Waves and Dukes

(From Waikiki, 2006)
Duke Kahanamoku was an Olympic swimming champion and a hero to us islanders. He popularised our Hawaiian sport of surfing to the world. At age 20, in an amateur meet, he broke the world record for the 100-meter freestyle. This feat by an islander was so surprising that the athletic union didn't recognise it for years. He won Olympic medals for the US in 1912, 1920 and the Paris Olympics of 1924.
Between Olympics Duke Kahanamoku gave surfing displays around the world. His exhibition in Sydney on December 23, 1914 is regarded as the start of Australian surfing. A statue of Duke stands at Freshwater Beach north of Manly. Thanks to the Duke, Queensland's Coast is known as Surfer's Paradise. He worked as a film actor in Hollywood, like yours truly. While living in Newport Beach, he single-handedly rescued 8 people from a sinking boat using his board.
Future generations will wonder why this planet was called "Earth," since it is mostly covered by water. If one grew up on an island, it is obvious that we are surrounded by the sea. Pacific navigators colonised the islands from Asia to Hawaii in a process that took centuries. That is a natural model for exploring other solar systems.
As we have seen many times, waves are important to physics and astronomy. The imprint of waves in the CMB can determine whether inflation happened or a changing speed of light. Maxwell's equations show that visible light, infrared and gamma radiation are all electromagnetic waves. Contributor Nigel has explored the waves in nuclear explosions. Waves touch us in sound and in the tides. The effect of tides on the Moon is one more clue that c has changed.
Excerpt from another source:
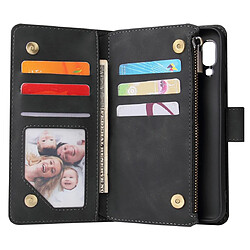 Wewoo Housse Coque Etui à rabat horizontal multifonctionnel rétro pour Galaxy A20e avec étui à carte et porte-carte et portefeuille fermeture à glissièrecadre photo et lanière noir pas cher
Because sound waves travel in air and water waves through water, it was long assumed that light travelled through some medium. Since light travels throughout the Universe, this ether was presumed to be invisible and fill all Space, just like "dark energy." Maxwell himself believed that Earth travelled through ether like a ship through water. The inferrence of an invisible ether lasted until Einstein introduced Special Relativity.
In 1924, while Duke Kahanamoku was competing in the Paris Olympics, another duke was making waves nearby. A graduate student in Paris named Duc Louis de Broglie suggested that electrons also took the form of waves. Their wavelength is given by the relation h/p. De Broglie published this simple relation in an extremely short PhD thesis.
Like an equation about light, Duc De Broglie's thesis was short but revolutionary. His thesis would have been rejected outright except for the support of Albert Einstein, who recommended De Broglie for a PhD. Einstein also nominated De Broglie for the Nobel Prize in 1929--nice to have friends like that. Like Duke Kahanamoku's 100-meter record, Duc de Broglie's achievement almost went unrecognised. Thanks to supporters like Einstein, we enjoy both surfing and De Broglie waves.